Common Data Quality Issues: “Highly Recommended”

The following are issues that may not prevent your data from being released into the Enclave, but that we may inquire about. If it is easy for you to fix these things, we would love to have them, but understand if it is not possible for your site.

  • Death data. We ask that sites review the death data included in their submission for plausibility (e.g., there should be no deaths prior to Jan 2020, unless you are date shifting). If your site does not provide any death data, we may check in to see if it’s possible to provide in future payloads. This may include discharge disposition for data models that support that information (OMOP, PCORnet).
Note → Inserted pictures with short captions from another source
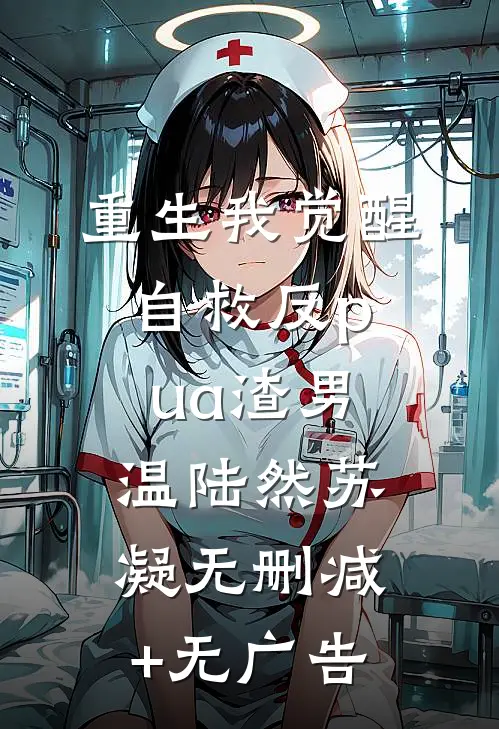 重生我觉醒自救反pua渣男温陆然苏凝无删减+无广告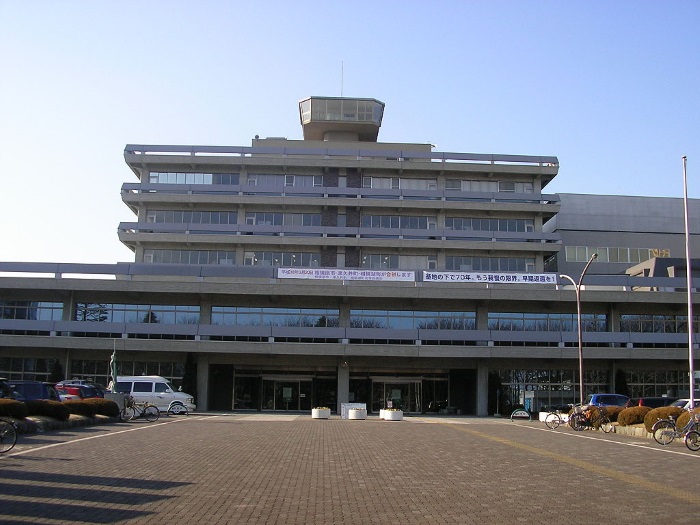Immigration to Sagamihara City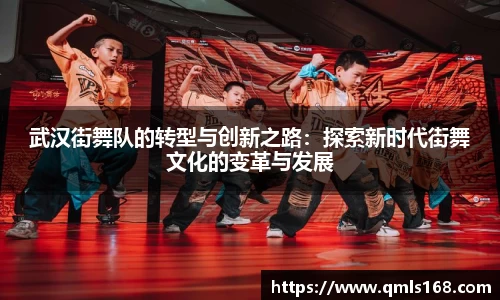 武汉街舞队的转型与创新之路：探索新时代街舞文化的变革与发展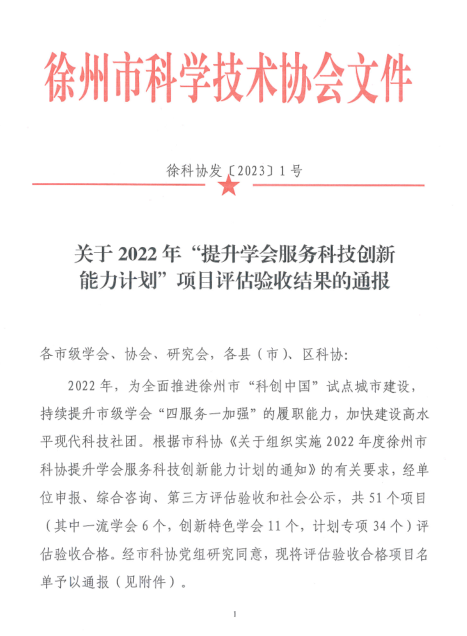 1675061236792688.png QQ圖片20230130140647.png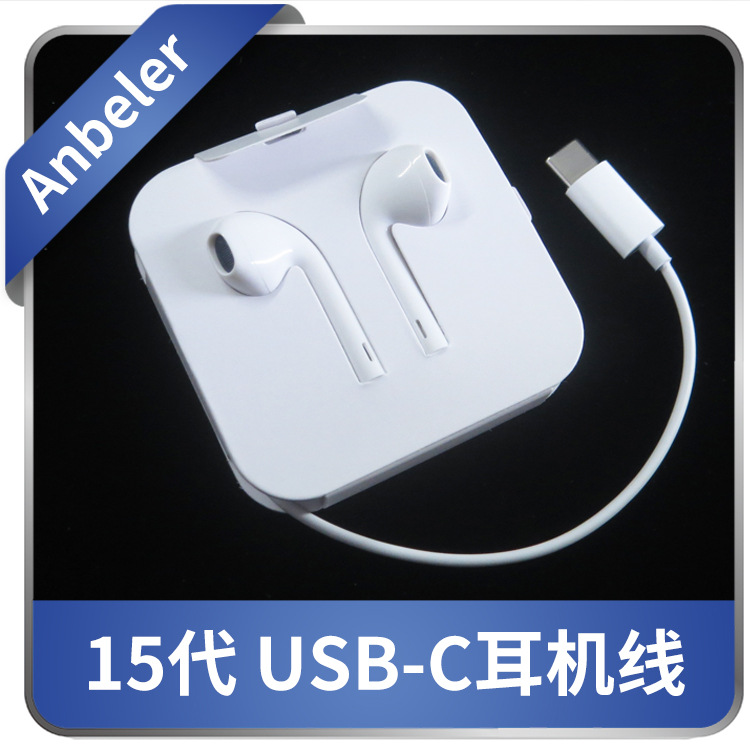 Compatible with Apple iPhone15 headphone cable, 15th generation USB-C Earpods original headphones MTJY3FE full figure
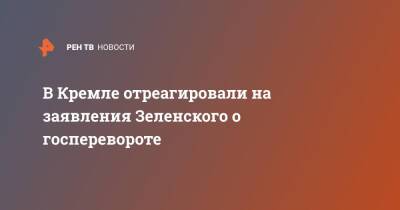 В Кремле отреагировали на заявления Зеленского о госперевороте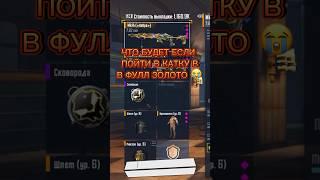 Пошёл на 5 карту в фулл золото  #pubgmobile #пабг #пабгмобайл #metroroyale #метророяль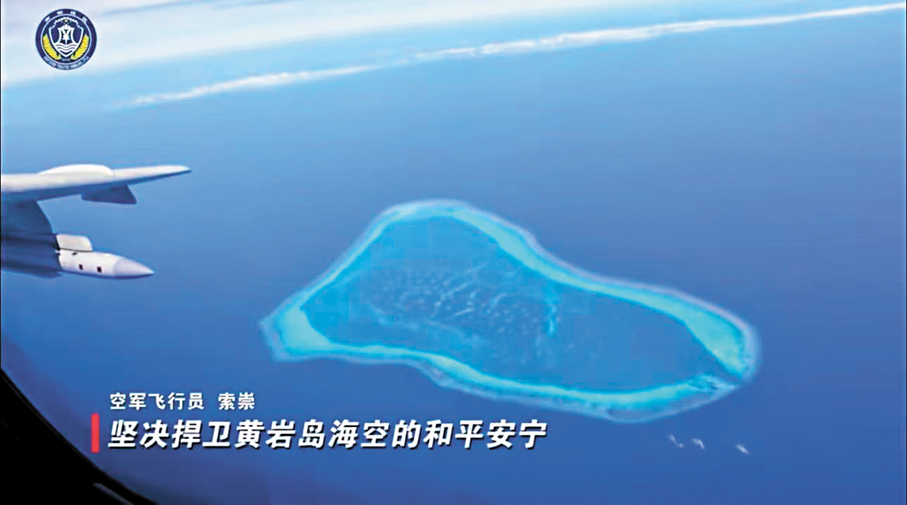 ●中國人民解放軍南部戰區在黃岩島海空域及周邊區域組織戰備警巡。圖為戰機俯瞰黃岩島。 視頻截圖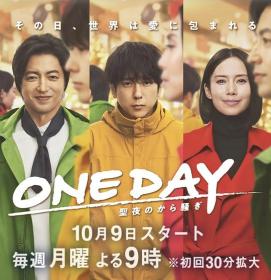 【高清剧集网发布 】ONE DAY～平安夜的风波～[第03集][中文字幕] One Day Seiya no kara Sawagi S01 2023 1080p WEB-DL H264 AAC-DDHDTV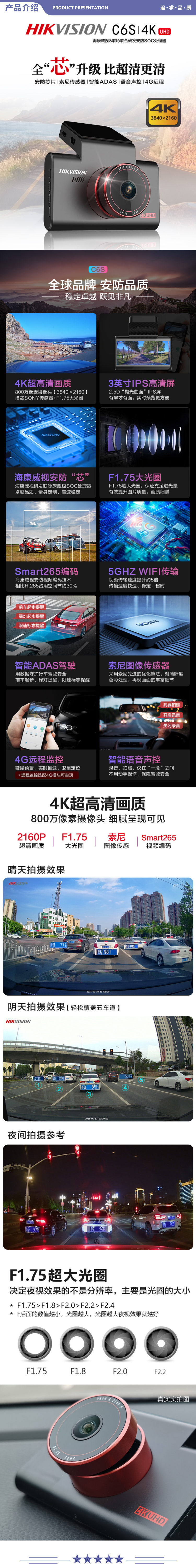 海康威视 C6S 行车记录仪 4K超高清夜视800万像素 智能ADAS语音声控IPS屏 安防芯片 SONY传感5GWIFI 2.jpg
  • Visit concepts/types. Knowing whether a visit is inpatient/outpatient/emergency can be important for many research questions. If your site has a high percentage of null or non-standard values in this field, we may reach out to see if additional information can be mapped in future payloads. For i2b2 sites make sure you use only ACT defined visit types (EI Emergency Department Admit To Inpatient E Emergency Department Visit I Inpatient Hospital Stay N No Information NA Non-Acute Hospital Stay X Other Ambulatory Visit O Ambulatory Visit)

  • End dates. End dates are generally not required fields in models other than OMOP. But, they can be useful.

    • For non-OMOP sites: Despite the fact that they are not required, end dates for visits, particularly inpatient visits, are really important for being able to calculate things like length of stay. If most or all of your visit end dates are null, we will likely reach out and ask whether this can be rectified.
    • For OMOP sites: Many OMOP sites fill in null end dates (which are required) with “dummy” dates like 1/1/1800. We are able to work around this, but note that this convention may cause some researchers to calculate somewhat bizarre lengths of stay for your site until they understand the cause.

Note that if both visit concepts/types AND end dates are frequently missing/non-standard, that may qualify as a dealbreaker. We really need one or the other in order to appropriately classify encounters during analysis.